# Face Detection and Recognition CNN Models

In [33]:
import numpy as np
import torch
from torch import nn
import scipy.io
from PIL import Image
from torch.utils.data import Dataset, DataLoader
from torchvision import transforms
import torch.optim as optim
import math

# mirar diferencias entre estos dos y elegir uno
from torch.utils.data import random_split

In [34]:
device = (
    "cuda"
    if torch.cuda.is_available()
    else "mps"
    if torch.backends.mps.is_available()
    else "cpu"
)
print(f"Using {device} device")

Using cpu device


In [35]:
# Hyperparameters
lr = 0.001
epoch_step = 20
batch_size = 32 # o 16
images_path = 'TRAINING/'

## Loading the dataset

In [82]:
class MyData(Dataset):
    def __init__(self, data, transform=None):
        self.data = data
        self.transform = transform

    def __len__(self):
        return len(self.data)

    def __getitem__(self, idx):
        image_name, label = self.data[idx]
        with Image.open(images_path + image_name) as image:
            # Apply transformations if specified
            if self.transform:
                image = image.convert('RGB')
                # image = np.float32(image)
                image = self.transform(image)
        return image, label

In [83]:
def load_data(labels_path, labels_wanted='boundaries', tr_size=0.8, val_size=0.1):
    mat = scipy.io.loadmat(labels_path)['AGC_Challenge3_TRAINING'][0]
    data = []
    for entry in mat:
        key = entry[1][0]
        if (labels_wanted == 'boundaries'):
            data.append([key, entry[2]])
        elif (labels_wanted == 'identity'):
            data.append([key, entry[0][0][0]])

    return data

In [84]:
# mean and std extracted from the train_dataset part of AGC_Challenge3_TRAINING
def compute_mean_std(dataset):
    all_pixels = []
    for image_path, _ in dataset:
        with Image.open(images_path + image_path) as image:
            image_array = np.array(image)
            all_pixels.append(image_array)

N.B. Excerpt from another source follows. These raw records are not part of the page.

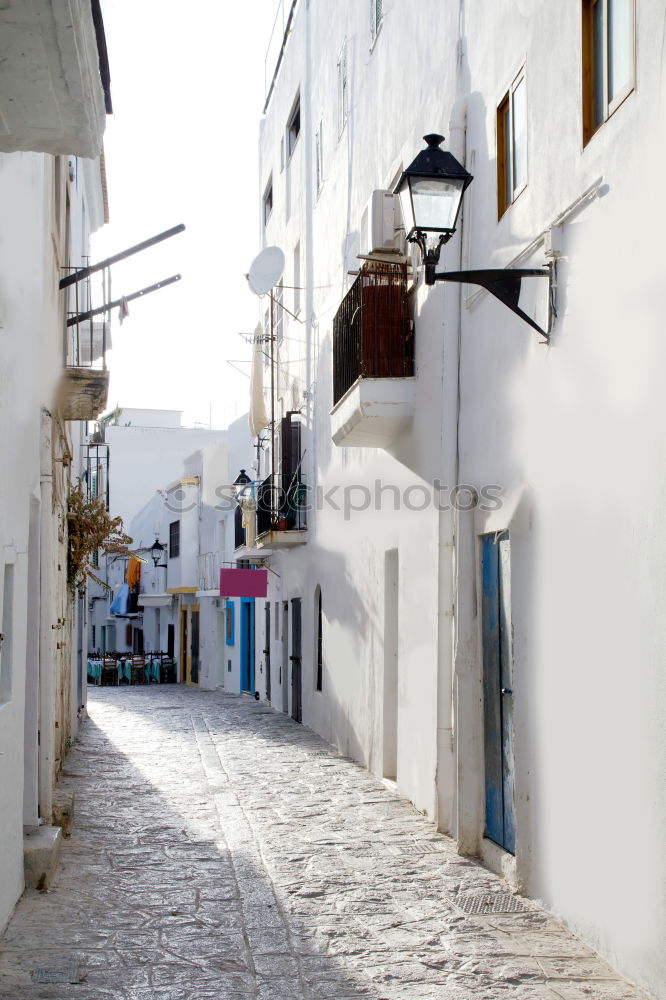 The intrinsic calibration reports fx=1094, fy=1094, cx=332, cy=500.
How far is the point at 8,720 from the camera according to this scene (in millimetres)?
6406

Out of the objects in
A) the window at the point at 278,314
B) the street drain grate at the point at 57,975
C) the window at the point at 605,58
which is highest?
the window at the point at 278,314

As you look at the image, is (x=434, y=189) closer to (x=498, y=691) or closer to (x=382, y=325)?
(x=498, y=691)

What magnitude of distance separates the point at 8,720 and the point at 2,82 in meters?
3.77

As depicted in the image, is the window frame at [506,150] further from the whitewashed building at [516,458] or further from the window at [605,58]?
the window at [605,58]

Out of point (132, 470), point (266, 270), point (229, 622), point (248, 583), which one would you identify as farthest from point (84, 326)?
point (132, 470)

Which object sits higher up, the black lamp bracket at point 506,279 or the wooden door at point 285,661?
the black lamp bracket at point 506,279

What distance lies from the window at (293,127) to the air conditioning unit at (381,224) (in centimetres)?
968

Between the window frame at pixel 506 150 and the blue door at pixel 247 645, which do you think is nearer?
the window frame at pixel 506 150

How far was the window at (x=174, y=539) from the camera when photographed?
124 ft

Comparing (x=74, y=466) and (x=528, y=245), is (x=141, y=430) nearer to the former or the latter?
(x=74, y=466)

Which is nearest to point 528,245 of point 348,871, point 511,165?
point 511,165

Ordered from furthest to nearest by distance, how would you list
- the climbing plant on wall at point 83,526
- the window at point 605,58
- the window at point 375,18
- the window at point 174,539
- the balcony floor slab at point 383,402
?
the window at point 174,539 < the climbing plant on wall at point 83,526 < the window at point 375,18 < the balcony floor slab at point 383,402 < the window at point 605,58

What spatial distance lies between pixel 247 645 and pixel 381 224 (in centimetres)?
1862

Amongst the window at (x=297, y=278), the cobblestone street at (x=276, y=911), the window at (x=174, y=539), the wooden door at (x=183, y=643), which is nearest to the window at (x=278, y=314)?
the window at (x=297, y=278) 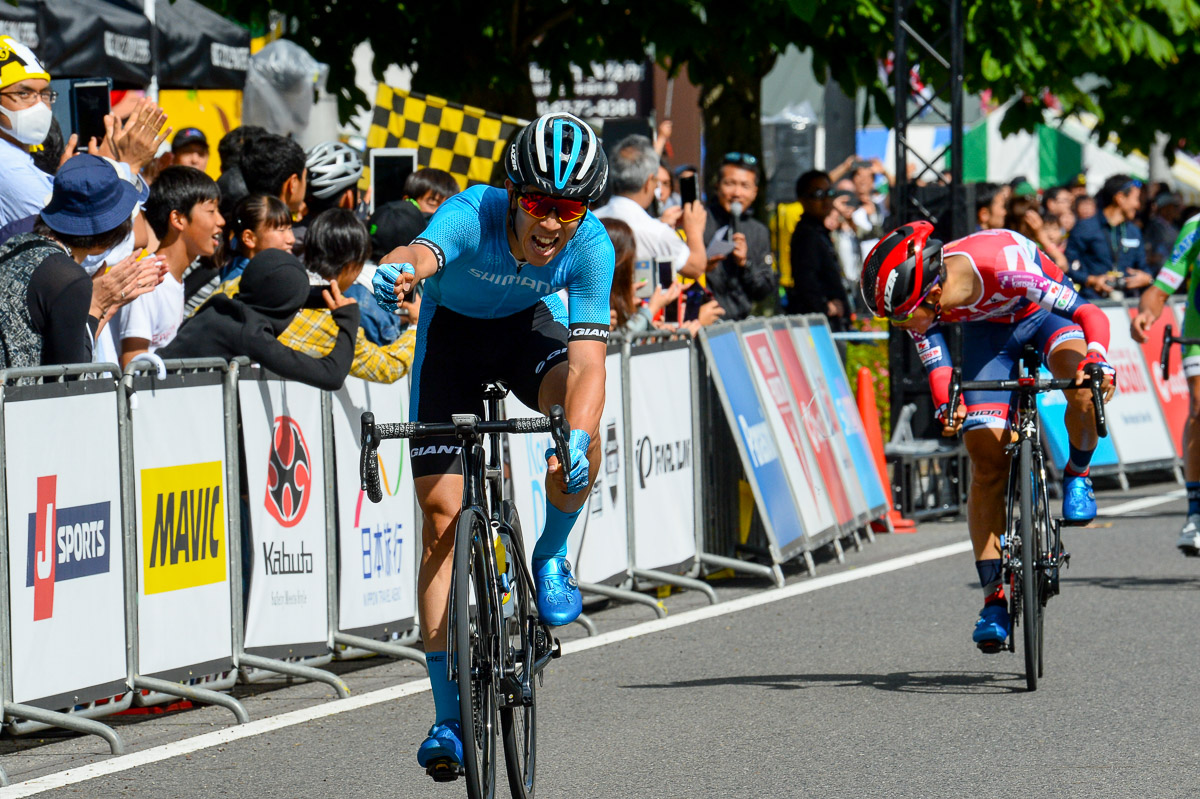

    all_images = np.stack(all_pixels, axis=0)

    mean = np.mean(all_images, axis=(0, 1, 2)) / 255.0 
    std_dev = np.std(all_images, axis=(0, 1, 2)) / 255.0

    return mean, std_dev

In [85]:
# transforms son copiados, revisar
# calcular valores de mean y std del dataset para cada channel
# o las de imagenet
# flipping, cambios de colores, grayscale
# contraste de saturacion 
# color spaces
################

all_data = load_data('AGC_Challenge3_Training.mat')
train_data, val_data, test_data = random_split(all_data, [0.8, 0.1, 0.1], generator=torch.Generator().manual_seed(42))

# train_mean, train_std = compute_mean_std(train_data)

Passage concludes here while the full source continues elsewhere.